# Simple linear regression 

In this exercise you will train a linear regression model via gradient descent in the simplest scenario, i.e. recreating an affine function.

The setup is as follows:
* we are given a set of pairs $(x, y)$, where $x$ represents the feature, and $y$ is the target,
* our hypothesis is $h(x) = ax + b$,
* we will use the dataset consisting of set of pairs to figure out the right values for $a$ and $b$,
* to do so we will optimize the loss function: $J(a,b) = \sum_{i=1}^n (y_i - h(x_i))^2$,
* with the loss function in hand we can improve our guesses iteratively:
    * $a^{t+1} = a^t - \text{step_size} \cdot \frac{\partial J(a,b)}{\partial a}$,
    * $b^{t+1} = b^t - \text{step_size} \cdot \frac{\partial J(a,b)}{\partial b}$,
* we can end the process after some predefined number of epochs (or when the changes are no longer meaningful).

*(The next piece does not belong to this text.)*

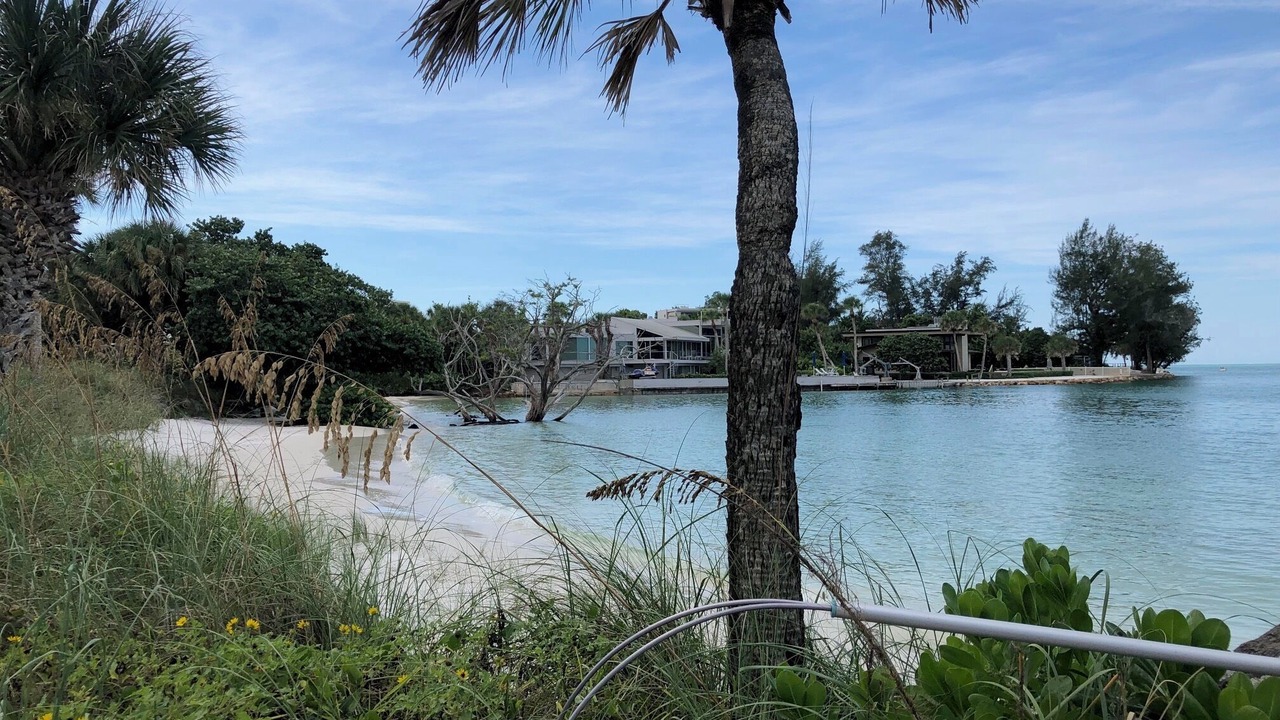 Photo of Others in Siesta Key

Let's start with creating the dataset.

In [None]:
%matplotlib inline

import random

_a = 0.3
_b = 0.5

f = lambda x: _a * x + _b # ground truth
g = lambda x: f(x) + random.gauss(0, 0.02) # a noisy version of f

In [None]:
n = 50 # number of examples

xs = [random.random() for _ in xrange(n)] # features
ys = map(g, xs) # targets

ts = map(f, xs) # we don't get to see this

Our goal is to recreate $f$. However, as reality can be harsh (and usually is) we only get to observe $g$. We observe it as a list of pairs $(x,y) \in \text{zip}(xs, ys)$.

Let's plot the data.

In [None]:
import matplotlib.pyplot as plt
import seaborn as sns

fig = plt.figure(figsize=(11, 11))
plt.scatter(xs, ys)

In [None]:
def l2_loss(ys, ps):
    assert len(ys) == len(ps)
    #################################
    # TODO: Implement this function #
    #################################
    return 0.

Please take a while to (roughly) guess the output before executing the cell below.

In [None]:
l2_loss(ys, ts)

Let's now implement the algorithm

Hint: To make sure that you correctly compute the gradients, you can compute them numerically and compare the results. 

In [None]:
a = 0. # our initial guess for _a
b = 0. # our initial guess for _b
lr = 0.5 # step size

n_epochs = 40 # number of passes over the training data

def predict(a, b, xs=xs):
    return [a * x + b for x in xs]

def evaluate(a, b, xs=xs, ys=ys):
    return l2_loss(ys, predict(a, b, xs))

losses = [evaluate(a, b)]

for i in xrange(n_epochs):
    #############################
    # TODO: Fill in the details #
    #############################
    
    loss = evaluate(a, b)
    losses.append(loss)
    
    print 'Iter: {:>3} Loss: {:8.8f} a: {:8.5f}, b: {:8.5f}'.format(i, loss, a, b)

In [None]:
plt.plot(losses)

Let's now visually asses our predictions on training data

In [None]:
fig = plt.figure(figsize=(11, 11))
plt.scatter(xs, ys)
plt.plot(xs, predict(a, b), c='g')
plt.show()

In [None]:
fig = plt.figure(figsize=(11, 11))
plt.scatter(xs, ys)
plt.plot(xs, predict(a, b), c='g')

################################################################
# TODO: Add the (unobserved) ground truth, i.e. ts to the plot #
################################################################

plt.show()

Let's check our implementation vs. the one in sklearn

In [None]:
from sklearn.linear_model import LinearRegression
import numpy as np

X = np.array(xs).reshape((len(xs), 1))
regr = LinearRegression()
regr.fit(X, ys) # training

sk_a = float(regr.coef_)
sk_b = regr.intercept_
sk_loss = l2_loss(ys, regr.predict(X))

print 'Loss: {:8.8f} a: {:8.5f}, b: {:8.5f}'.format(
    sk_loss, sk_a, sk_b)

Using the code above, implement and test the following approaches:
* random search instead of gradient descent,
* stochastic gradient descent (i.e. changing the parameters after each instance),
* learning rate adaptation according to your own heuristic.